Заканчивая, хочу еще раз подчеркнуть, что я совершенно не защищаю тиши и глади эмигрантской жизни. Столкновения самые резкие, расхождения самые страстные не только возможны, но и неизбежны. Важно не объединение, важно лишь расхождение по существу. Никакого расхождения по существу между мной и моими оппонентами в пределах затронутых вопросов, конечно, нет. Я, как и Кускова, за «кровать с шишками», как и Струве, за то, чтобы галлиполийцам не мешать вспоминать в церквах Россию, и, как «Современник», против того, чтобы сдавать квартиру лишь после осведомления о миросозерцании нанимателя. Вся трагедия спора с моими оппонентами заключается в том, что, являясь для меня существенным, он все же не является спором по существу. В том, что несущественное является для нас существенным, коренится, как мне кажется, указание на какой-то внутренний недуг эмиграции. Полемика вокруг «Нового града» является, конечно, лишь одним из симптомов этого недуга.
Задолго до наших революций, когда еще и самого выражения «ударные темпы» не было, задолго еще до того, как в России сложилась своеобразная категория «отцов и детей», задолго до этого, в условиях жизни спокойной и нормальной, великий поэт наш выражал сожаление о «несчастном друге», который остался средь новых поколений докучным гостем, и лишним, и чужим. Я вспоминаю об этом, чтобы пояснить Вам, почему не считаю себя вправе притязать на участие в строительстве «Нового града». Но Вы не отрицаете исторического преемства, и самое искание нового града есть проявление того святого беспокойства, которое составляло самую пленительную черту русской интеллигенции, исчезнувшей, как Вы правильно отмечаете, без остатка и, прибавлю, навсегда. Если же Вы не отрицаете преемства, то, быть может, Вам окажут хоть и малое содействие в Ваших исканиях не сколько ума холодных наблюдений и сердца горестных (подлинно горестных) замет, которыми мне, глубоко сочувствующему Вашим исканиям, хочется с Вами поделиться.

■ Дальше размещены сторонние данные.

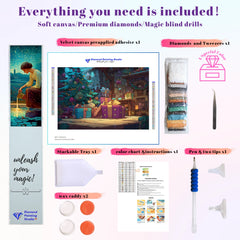 Cozy Christmas Workshop Gifts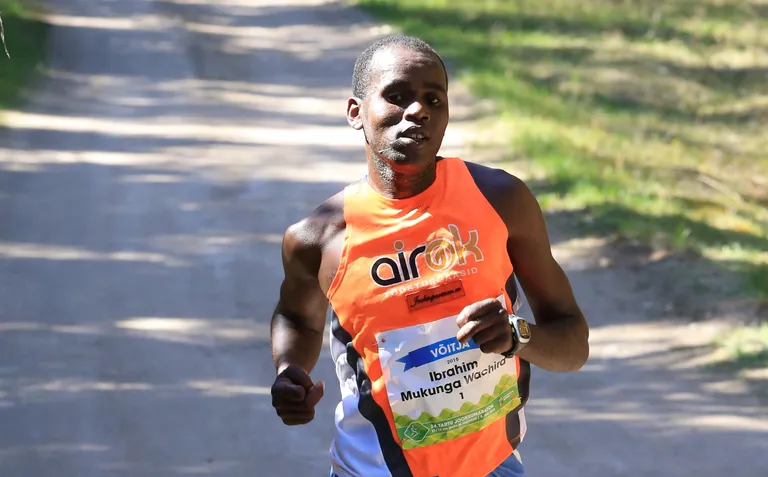 Ibrahim Mukunga Wachira.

Прежде всего об этом самом преемстве. Революция его принципиально и начисто отрицает, она строит новый мир. Вы цитируете, например, Устрялова, который захлебывается от восторга перед небывалой перестройкой, перед переплавкой самого человека, перед вселенским замыслом. Создается впечатление, что Россия не только вступает в новый период своей истории, но становится на какой-то другой, доселе чуждый ей путь.
Так ли это? По-Вашему — не так. Действительно, строительство «социализма в одной стране» свелось к пятилетке, т.е. к спешной, ударной индустриализация России. Но на этом пути, как правильно Вами указано, страна уже раньше, до войны, стояла, и индустриализация шла достаточно быстро и до революции, встречая — прибавлю — постоянно препятствия, органические препятствия, таившиеся в самодержавном режиме. С падением самодержавия препятствия исчезли, и тем самым расчищен был путь для нормального развития. Но советская власть бешено торопится, берет ударные темпы, словно боится, что иначе ей не удастся разрешить эту задачу. Мне вспоминается беседа с гр. Витте, когда в декабре 1904 года ему поручено было осуществление «Указа о мероприятиях к усовершенствованию государственного порядка». Я спрашивал, не опасается ли он, что и эта задача так же преждевременно будет сорвана, как раньше учреждение сельскохозяйственных комитетов, на что он со злобным раздражением ответил мне: «Ну нет! Второй раз меня не подведут. Я сразу так им законопачу, что назад поворачивать уже не придется». Вот так и советская власть торопится «законопатить», опасаясь, чтобы у нее не вырвали возможности завершить индустриализацию, поставленную на ноги именно при Витте. Чтобы добиться этого, советская власть не останавливается ни перед какими жертвами и средствами и твердо стоит на том, что не суббота для человека, а человек для субботы, и строит промышленность страшным террором.